Wednesday, we learned that the Southern Workforce Board has decided to outsource the employment service to a Canadian company, a service that's been provided by Big Five Community Services for the past 20 years. Big Five's Executive Director told us two former employees are currently serving on the Southern Workforce Board and claims they awarded the Integrated Services for Adults, Dislocated Worker and Youth Services Contract to another company, out of revenge.

Betty Kashou benefited from the Big Five Community Services under the Integrated Services for Adults, Dislocated Worker and Youth Services Program" for over 15 years and she said it's upsetting the program will no longer be provided by the agency.

"If you look around in the community, you realize that there's a lot of people who are struggling and need that helping hand and that program is one of them that give it," she said.

Big Five Executive Director, Kent Watson said the Southern Workforce Board awarded the contract for that program to Res-Care, owned by a Canadian company last week.
He said Big Five had that contract for 20 years and felt the decision was unfair.

"We think the community action should be serving the people of Texoma, not a bunch of suits from Canada," Watson said.

Watson said the decision could jeopardize services for the local unemployed and he feels it's an act of revenge by former employees.

"We've had two employees that leave our employment and go to work for Southern Workforce and all of a sudden we lose our contract. Now the question becomes, why did that happen? Why did we lose that contract so quickly in the most recent bid process?" Watson said.

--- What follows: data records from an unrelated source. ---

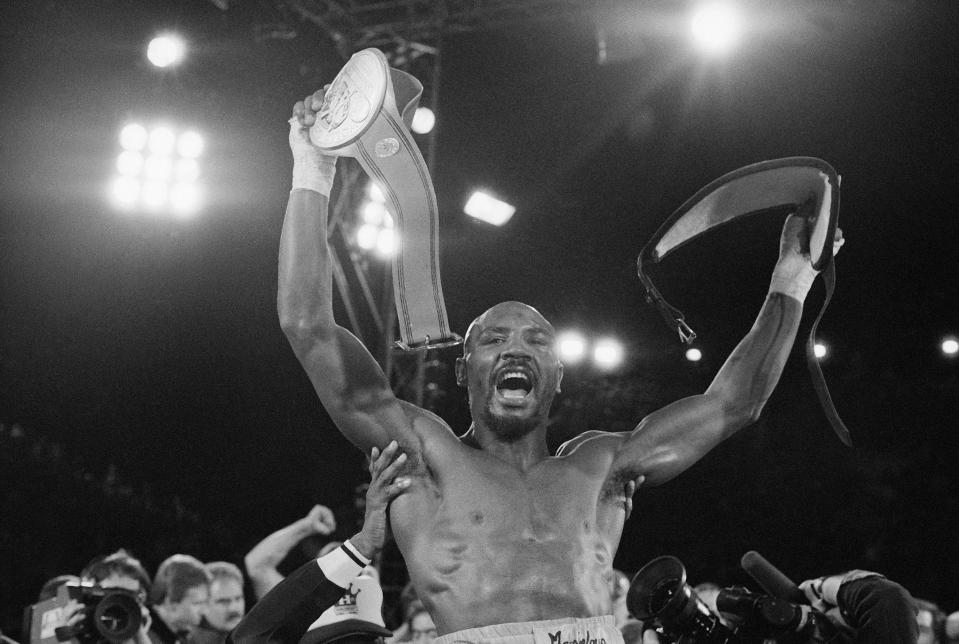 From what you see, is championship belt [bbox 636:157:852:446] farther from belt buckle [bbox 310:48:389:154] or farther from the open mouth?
belt buckle [bbox 310:48:389:154]

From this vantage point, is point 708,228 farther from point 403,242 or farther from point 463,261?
point 463,261

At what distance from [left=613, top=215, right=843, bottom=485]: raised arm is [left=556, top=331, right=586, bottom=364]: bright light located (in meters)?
6.18

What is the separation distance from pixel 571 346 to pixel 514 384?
662cm

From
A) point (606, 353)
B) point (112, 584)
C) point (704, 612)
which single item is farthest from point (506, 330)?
point (606, 353)

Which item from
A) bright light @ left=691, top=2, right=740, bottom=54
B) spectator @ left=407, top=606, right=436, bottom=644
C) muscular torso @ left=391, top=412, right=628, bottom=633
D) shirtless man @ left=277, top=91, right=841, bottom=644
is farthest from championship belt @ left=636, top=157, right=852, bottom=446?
bright light @ left=691, top=2, right=740, bottom=54

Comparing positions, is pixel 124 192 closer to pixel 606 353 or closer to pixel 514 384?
pixel 514 384

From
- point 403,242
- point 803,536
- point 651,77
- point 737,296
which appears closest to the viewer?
point 403,242

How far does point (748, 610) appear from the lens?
282 cm

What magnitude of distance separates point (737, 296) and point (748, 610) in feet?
25.2

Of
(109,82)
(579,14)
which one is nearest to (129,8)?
(109,82)

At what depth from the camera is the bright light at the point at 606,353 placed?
9.45 metres

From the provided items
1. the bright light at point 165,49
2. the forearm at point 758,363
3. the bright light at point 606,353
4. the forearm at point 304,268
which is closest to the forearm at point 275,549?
the forearm at point 304,268

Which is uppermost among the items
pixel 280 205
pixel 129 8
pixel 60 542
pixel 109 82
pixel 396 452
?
pixel 129 8

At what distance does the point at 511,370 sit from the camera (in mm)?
2590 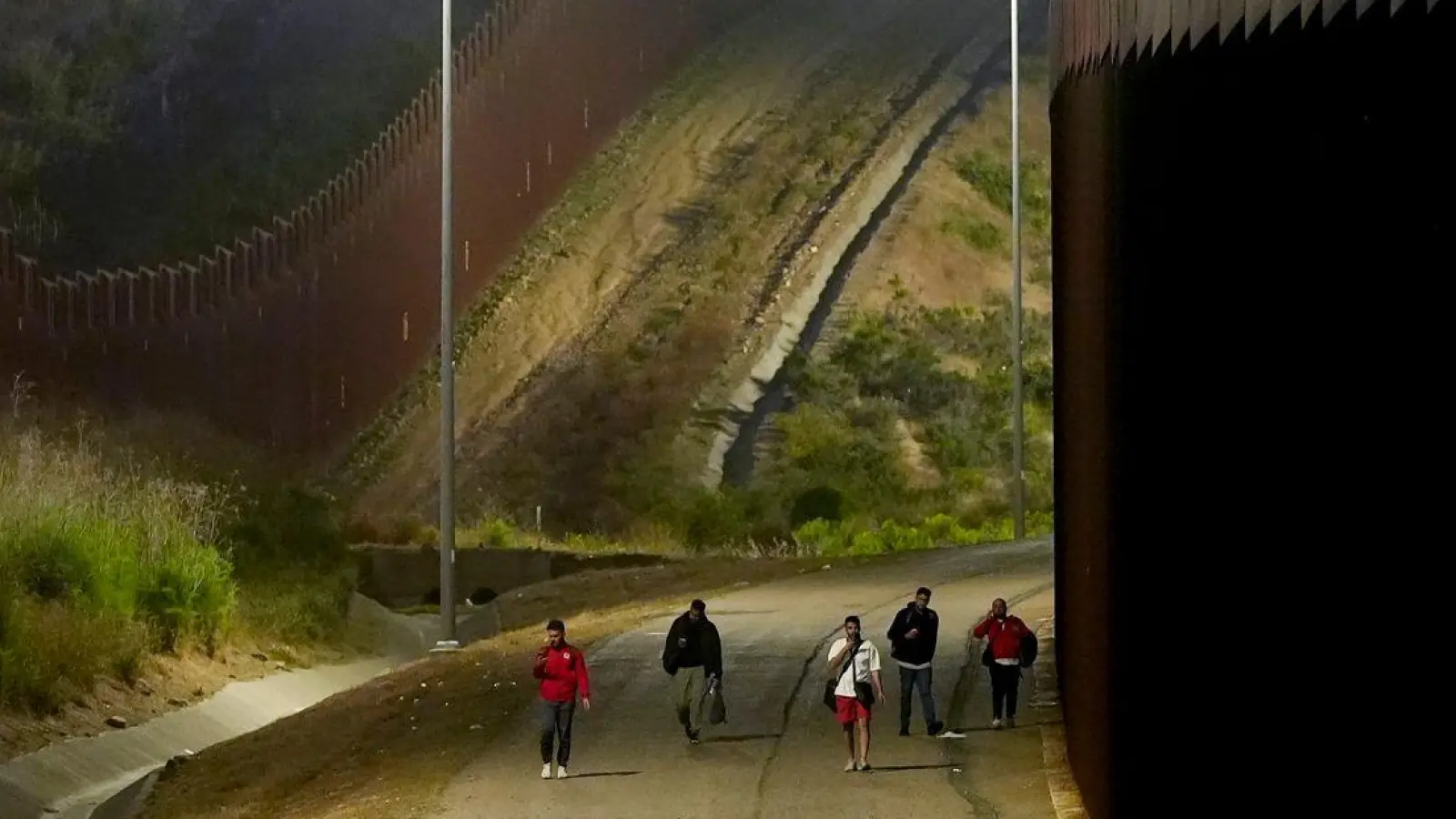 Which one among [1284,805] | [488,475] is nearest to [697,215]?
[488,475]

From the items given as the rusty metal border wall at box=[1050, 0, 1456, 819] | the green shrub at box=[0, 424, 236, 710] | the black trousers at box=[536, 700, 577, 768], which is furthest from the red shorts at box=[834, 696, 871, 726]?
the green shrub at box=[0, 424, 236, 710]

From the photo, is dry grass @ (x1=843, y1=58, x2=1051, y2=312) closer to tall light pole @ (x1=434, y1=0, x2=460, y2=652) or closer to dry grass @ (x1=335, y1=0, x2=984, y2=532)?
dry grass @ (x1=335, y1=0, x2=984, y2=532)

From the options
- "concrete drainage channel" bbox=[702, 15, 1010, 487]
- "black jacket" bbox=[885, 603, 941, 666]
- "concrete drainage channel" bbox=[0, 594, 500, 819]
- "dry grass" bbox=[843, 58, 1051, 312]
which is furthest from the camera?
"dry grass" bbox=[843, 58, 1051, 312]

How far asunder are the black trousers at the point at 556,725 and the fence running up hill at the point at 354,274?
3953 cm

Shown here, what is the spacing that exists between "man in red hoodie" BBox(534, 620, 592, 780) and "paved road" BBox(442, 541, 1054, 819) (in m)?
0.29

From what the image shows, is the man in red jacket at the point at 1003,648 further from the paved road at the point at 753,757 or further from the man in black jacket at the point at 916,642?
the man in black jacket at the point at 916,642

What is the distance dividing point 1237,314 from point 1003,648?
9.06 metres

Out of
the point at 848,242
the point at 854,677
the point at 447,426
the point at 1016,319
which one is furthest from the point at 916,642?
the point at 848,242

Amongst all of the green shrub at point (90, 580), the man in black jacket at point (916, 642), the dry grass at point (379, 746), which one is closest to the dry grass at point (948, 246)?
the green shrub at point (90, 580)

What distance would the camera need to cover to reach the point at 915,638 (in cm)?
1747

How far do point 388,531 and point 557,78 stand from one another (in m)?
22.9

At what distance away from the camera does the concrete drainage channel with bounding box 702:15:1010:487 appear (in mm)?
56094

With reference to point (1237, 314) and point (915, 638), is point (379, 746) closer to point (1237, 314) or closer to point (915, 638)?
point (915, 638)

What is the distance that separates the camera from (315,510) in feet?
145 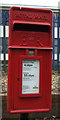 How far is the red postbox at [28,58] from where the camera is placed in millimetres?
2365

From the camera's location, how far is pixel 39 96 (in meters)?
2.48

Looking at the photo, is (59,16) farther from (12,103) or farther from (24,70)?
(12,103)

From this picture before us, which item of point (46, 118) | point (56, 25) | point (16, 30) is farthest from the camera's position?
point (46, 118)

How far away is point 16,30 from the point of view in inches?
93.6

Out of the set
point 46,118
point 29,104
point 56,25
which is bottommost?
point 46,118

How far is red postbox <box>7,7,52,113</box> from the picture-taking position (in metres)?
2.37

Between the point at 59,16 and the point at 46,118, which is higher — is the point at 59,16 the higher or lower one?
the higher one

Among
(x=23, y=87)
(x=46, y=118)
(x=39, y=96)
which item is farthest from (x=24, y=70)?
(x=46, y=118)

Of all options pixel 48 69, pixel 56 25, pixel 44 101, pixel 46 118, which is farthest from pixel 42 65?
pixel 46 118

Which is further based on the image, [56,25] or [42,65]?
[56,25]

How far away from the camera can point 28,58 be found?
2373 mm

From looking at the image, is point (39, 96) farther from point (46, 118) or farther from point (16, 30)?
point (46, 118)

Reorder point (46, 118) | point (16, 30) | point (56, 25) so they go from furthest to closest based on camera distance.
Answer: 1. point (46, 118)
2. point (56, 25)
3. point (16, 30)

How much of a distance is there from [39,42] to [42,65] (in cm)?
26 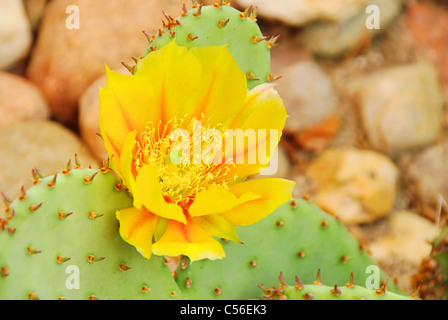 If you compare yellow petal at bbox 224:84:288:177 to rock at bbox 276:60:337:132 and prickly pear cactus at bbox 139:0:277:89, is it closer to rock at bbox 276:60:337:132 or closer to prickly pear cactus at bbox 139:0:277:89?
prickly pear cactus at bbox 139:0:277:89

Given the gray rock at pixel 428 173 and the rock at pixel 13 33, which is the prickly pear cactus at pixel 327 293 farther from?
the gray rock at pixel 428 173

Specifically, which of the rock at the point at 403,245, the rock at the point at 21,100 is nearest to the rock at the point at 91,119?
the rock at the point at 21,100

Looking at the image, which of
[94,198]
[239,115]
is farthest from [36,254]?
[239,115]

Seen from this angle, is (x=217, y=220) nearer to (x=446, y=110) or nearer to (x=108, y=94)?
(x=108, y=94)

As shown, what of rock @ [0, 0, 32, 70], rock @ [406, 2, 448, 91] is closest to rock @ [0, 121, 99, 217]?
rock @ [0, 0, 32, 70]

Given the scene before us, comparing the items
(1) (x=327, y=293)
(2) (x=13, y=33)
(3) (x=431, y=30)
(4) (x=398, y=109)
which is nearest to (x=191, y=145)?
(1) (x=327, y=293)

We stopped by the Southern Workforce Board office, no one was available to comment. But its executive director, Kerry Manning, sent us a statement:

"The Board, at this time, is following the appropriate procurement process. The SWB will only enter into a contract that best serves our customers in out 14 county workforce region."

"We're outraged. We're in the business of serving people, we're not in the business of profit. And this is what this Canadian firm is all about, they're a for profit publicly traded entity," Watson said.

Watson said he's planning to appeal the bid to the Southern Workforce Board to find out why the contract was awarded to the Canadian company. He also said they've notified local lawmakers to look into the issue.